Captioned web images

[Start of Attachment]

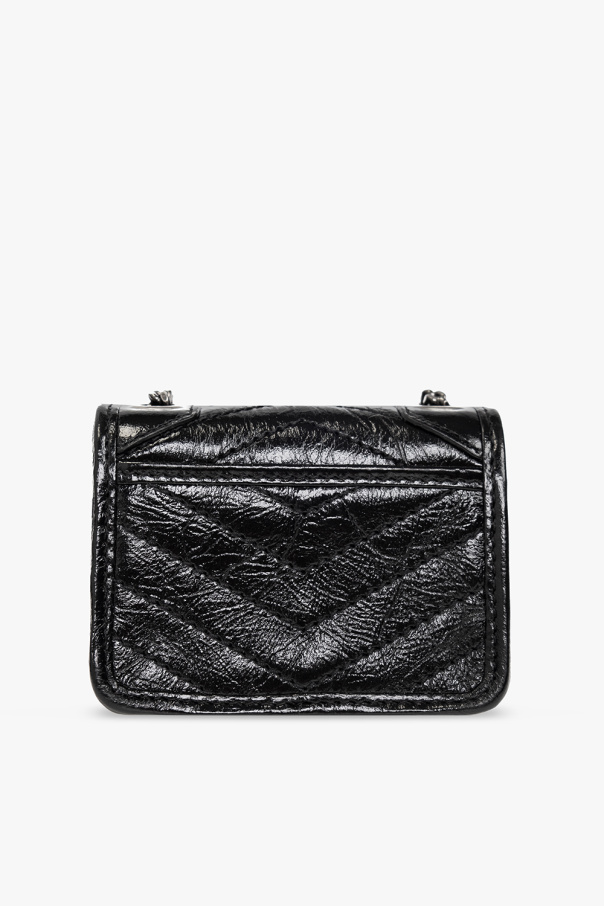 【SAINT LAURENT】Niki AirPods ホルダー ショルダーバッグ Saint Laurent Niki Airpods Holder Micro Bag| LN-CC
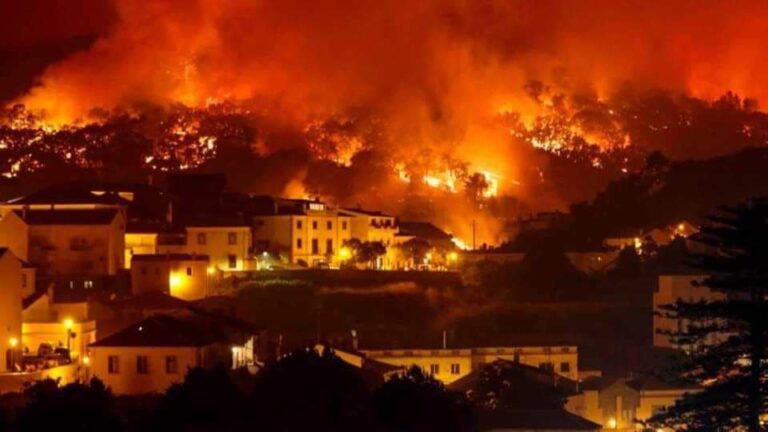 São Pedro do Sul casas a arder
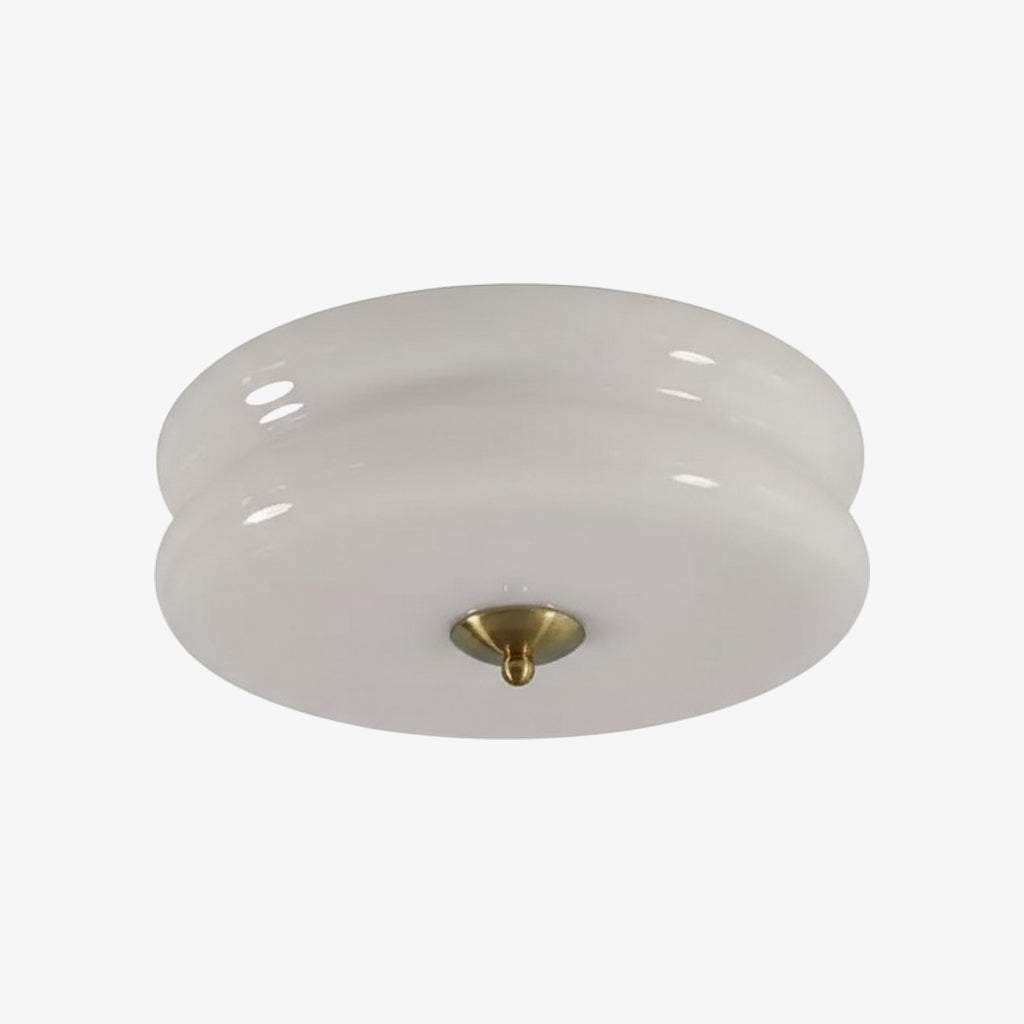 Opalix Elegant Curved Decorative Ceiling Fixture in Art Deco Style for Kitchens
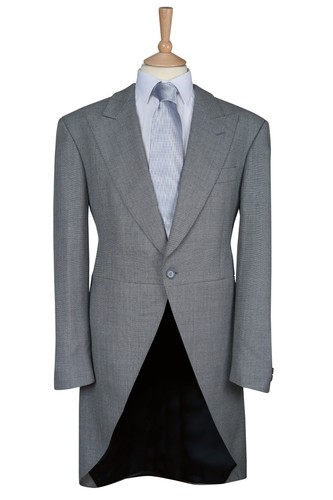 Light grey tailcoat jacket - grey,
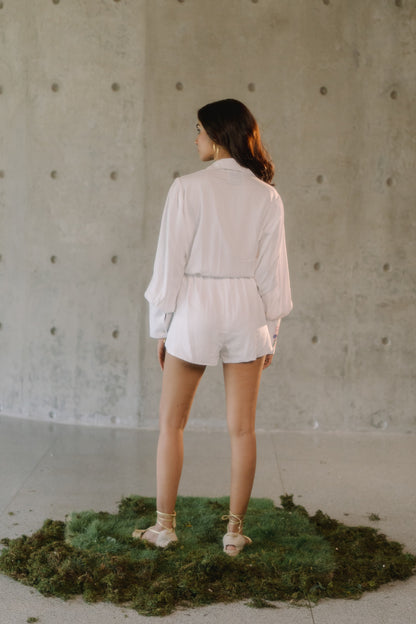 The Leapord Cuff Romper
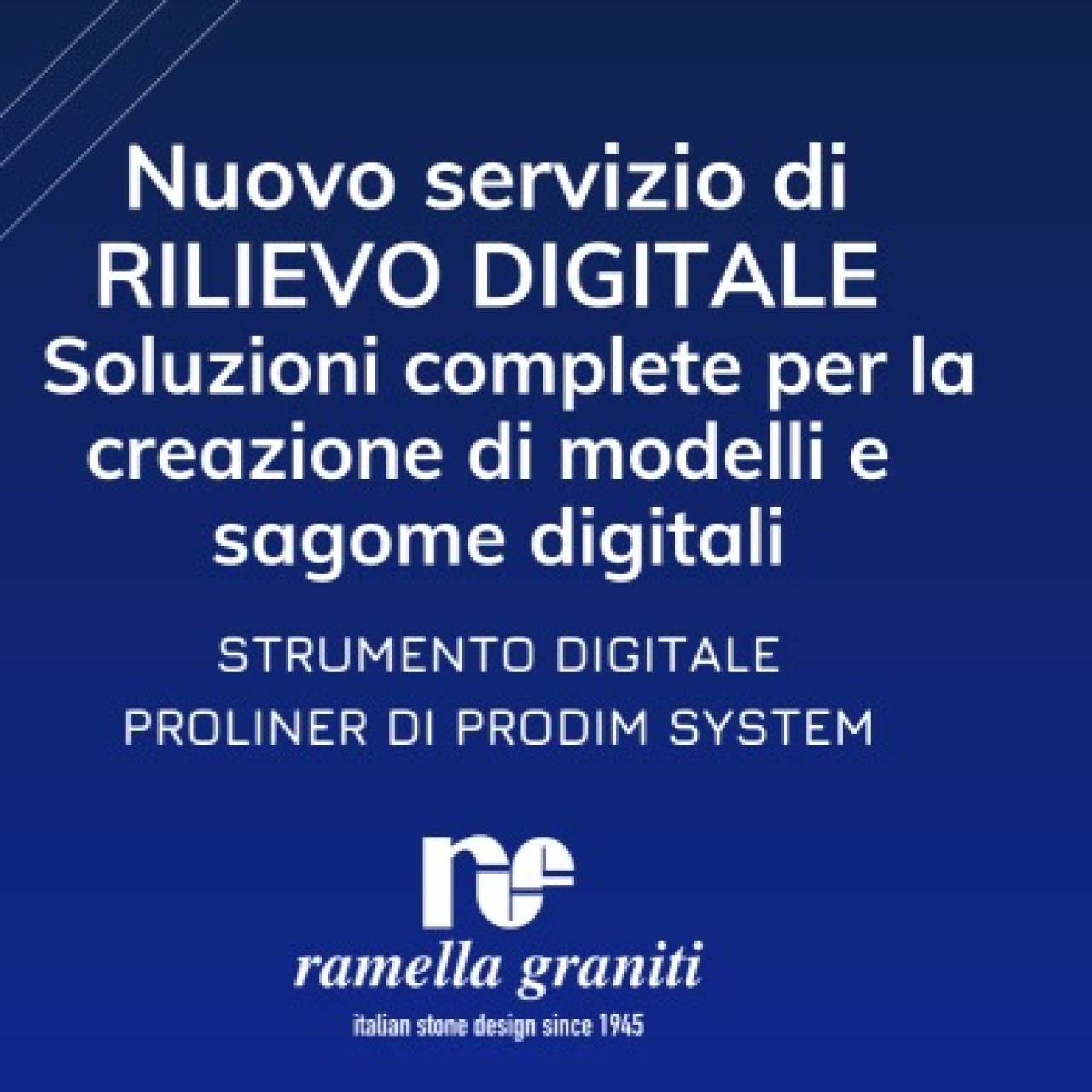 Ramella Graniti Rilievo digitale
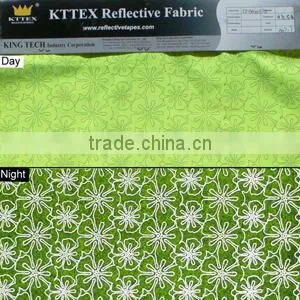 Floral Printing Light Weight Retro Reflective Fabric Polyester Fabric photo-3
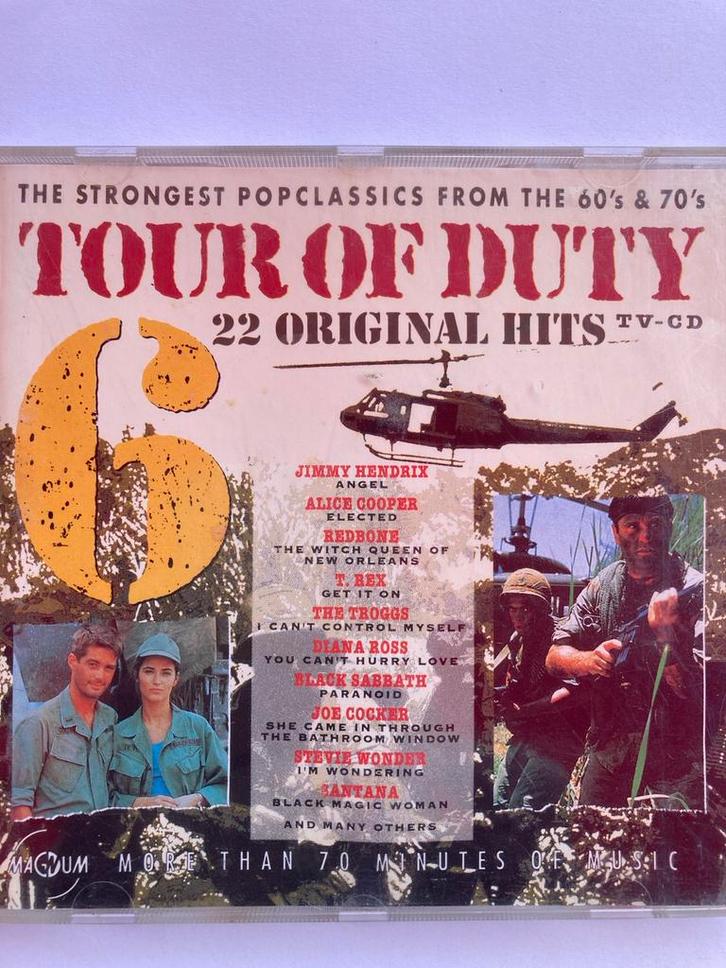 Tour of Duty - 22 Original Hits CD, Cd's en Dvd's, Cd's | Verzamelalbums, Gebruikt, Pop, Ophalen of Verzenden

[End of Attachment]

> Assignment: Omit the pictures, then extract verbatim only those lines that fall between the line containing "The Leapord Cuff Romper" and the final line of the records above, both included.

> Worked solution:
 The Leapord Cuff Romper
 Ramella Graniti Rilievo digitale
 Floral Printing Light Weight Retro Reflective Fabric Polyester Fabric photo-3
 Tour of Duty - 22 Original Hits CD, Cd's en Dvd's, Cd's | Verzamelalbums, Gebruikt, Pop, Ophalen of Verzenden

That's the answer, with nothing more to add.